Moody, who will perform in concert Dec. 3 at the Lucas Theatre, had a good instructor. “My mum is a music teacher,” she said. “We all sang and played together as a family when we were kids.

“She teaches Orff, so there were always xylophones and recorders and percussion instruments lying around,” Moody said. “We sang rounds in the car to pass the time on road trips.”

A trained classical pianist, Moody’s mother played for her daughters as they danced around the living room, where she also gave them their first piano lessons. “My dad sang in the opera chorus, so there was always opera streaming from his den,” Moody said. “Or jazz, which he loved to listen to.

“Music was just a normal part of life,” she said. “I feel very lucky.”

But because music was such a normal part of life, Moody didn’t realize how talented she was. “In fact, I worried sometimes when I was young that I wasn’t as good as my siblings because they all became such amazing instrumentalists,” she said.

“But I always knew that singing was a very important part of who I was,” Moody said. “It’s the thing that always felt ‘right’ somehow.”

As a teenager, Moody began exploring different kinds of music, including traditional Celtic music. “It was that connection to traditional and folk music that eventually led me to join my first band and start writing songs,” she said.

From the start, Moody knew she wouldn’t be an opera singer. “My voice was much more delicate and pure,” she said. “There are many things one can do with a non-operatic voice, but for some reason it was folk music and traditional music that really spoke to me.”

Moody taught herself to play the bodhran when she joined the roots group Scruj MacDuhk. “Later on, I taught myself the guitar and, with the help of a few starter lessons, clawhammer banjo, as well,” she said. “The accordion was a natural transition from the piano.”

Later, Moody founded The Wailin’ Jennys. “Scruj was breaking up and I decided I wanted to sing with women again,” she said. “I grew up singing with my two sisters, and missed that.

“I approached Nicky Mehta and Cara Luft, both prominent singer/songwriters in the Winnipeg music scene at the time, and asked them if they’d be up for doing some singing and playing together and putting on a show,” Moody said.

“That show turned into two sold-out shows and soon we were touring across Canada,” she said. “We just followed the momentum and the magic that always seemed to be there from the start.”

Moody loves performing. “The audience helps, too, of course,” she said. “Obviously it is an exciting thing to be able to share your songs and your voice with people who want to listen.
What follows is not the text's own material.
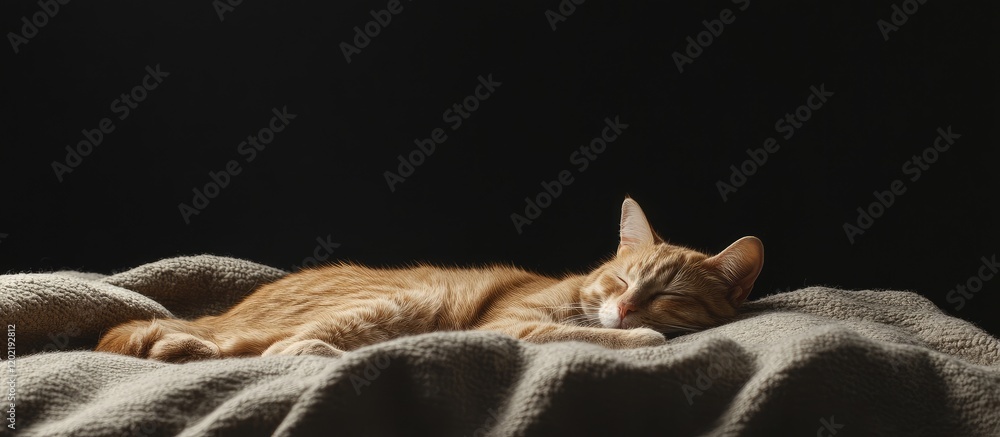 Poster Orange tabby cat resting on a soft blanket against a dark background with Copy Space for text placement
There is nothing like it. It is a gift to be one part of that exchange and I appreciate it so much.”

Some of Moody’s songs come from her emotions. “Mostly I try and channel whatever it is that is speaking and try not to get in the way,” she said. “Although once that initial stage is over, I do love to go in with the editing side of my brain and play around with it like a puzzle.”
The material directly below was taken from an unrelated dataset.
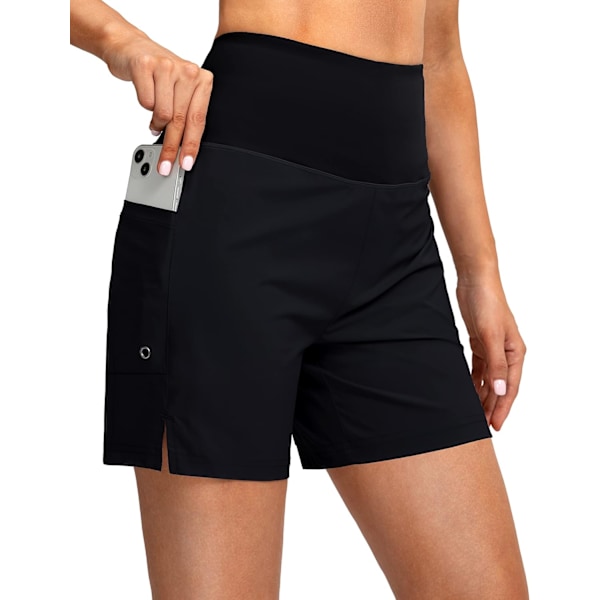 dual Dam 5\" Högmidjade Badshorts med Telefonfickor UPF 50+ Snabbtorkande Badshorts för Kvinnor med Foder Svart Medium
Moody loves writing, recording and performing equally. “I love writing because I am an introvert and it’s private introspective time that I really cherish,” she said.

“It’s odd that I like performing as much as I do, but I enjoy the challenge and I love connecting with people through music,” Moody said. “I am a studio junkie, I love recording because I’m a bit of a perfectionist and it allows me to try different things and refine what it is I want to express with my voice or convey in a song. I learn a lot about myself in the studio.”

In Savannah, Moody will play songs from her album, “The Garden,” as well as Wailin’ Jennys hits and some new covers. “I will have an amazing band with me — Adrian Dolan on fiddle, mandolin, viola and Mandola; Adam Dobres on electric and acoustic guitar and ukulele; and Sam Howard on bass,” she said. “The boys are singing with me more and more, too, so there will be lots of harmonies.”